Notwithstanding the foregoing, the Committee shall provide for distributions from a Participant’s deferred account to an individual other than Participant to the extent necessary to fulfill a court order that the Committee determines to satisfy the requirements of a domestic relations order within the meaning of Section 206(d)(3) of ERISA. The amounts assigned to an alternate payee under such an order shall be paid in a lump sum distribution as soon as administratively practical after the Committee determines that the order meets the requirements of a domestic relations order. All payments made pursuant to any such order shall be charged against the Participant’s deferred account.

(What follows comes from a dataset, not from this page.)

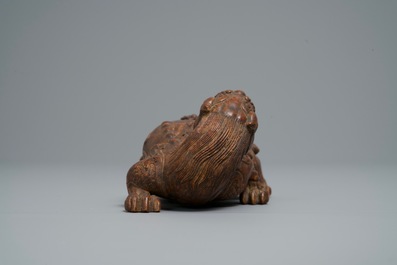 A Chinese carved wood 'Qilin and cub' group, 19/20th C.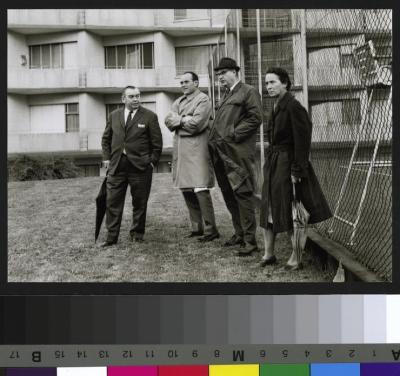Site du CHUV avant la construction de ce dernier: plantation d'un cèdre. Les officiels à l'est du CHUV, de gauche à droite, M. Guex (directeur administratif), Gustave Bugnon (chef du personnel au service des hospices), André Simonin (secrétaire général…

12.8    Severability.  In the event any provision of the Plan shall be held illegal or invalid for any reason, the illegality or invalidity shall not affect the remaining parts of the Plan, and the Plan shall be construed and enforced as if the illegal or invalid provision had not been included.

12.9    Gender and Number.  Except where otherwise indicated by the context, any masculine term used herein also shall include the feminine; the plural shall include the singular, and the singular shall include the plural.
12.10    Costs of the Plan.  All costs of implementing and administering the Plan shall be borne by the Company.
12.11    Successors.  All obligations of the Company under the Plan shall be binding on any successor to the Company, whether the existence of such successor is the result of a direct or indirect purchase, merger, consolidation, or otherwise, of all or substantially all of the business and/or assets of the Company.
12.12    Applicable Law.  Except to the extent preempted by applicable federal law, the Plan shall be governed by and construed in accordance with the laws of the state of Wisconsin, without reference to the conflict of law principles thereof.
12.13    Effective Date.  The Plan shall become effective at the time that it is approved by stockholders.  [The Plan was approved by stockholders on November 9, 2011.]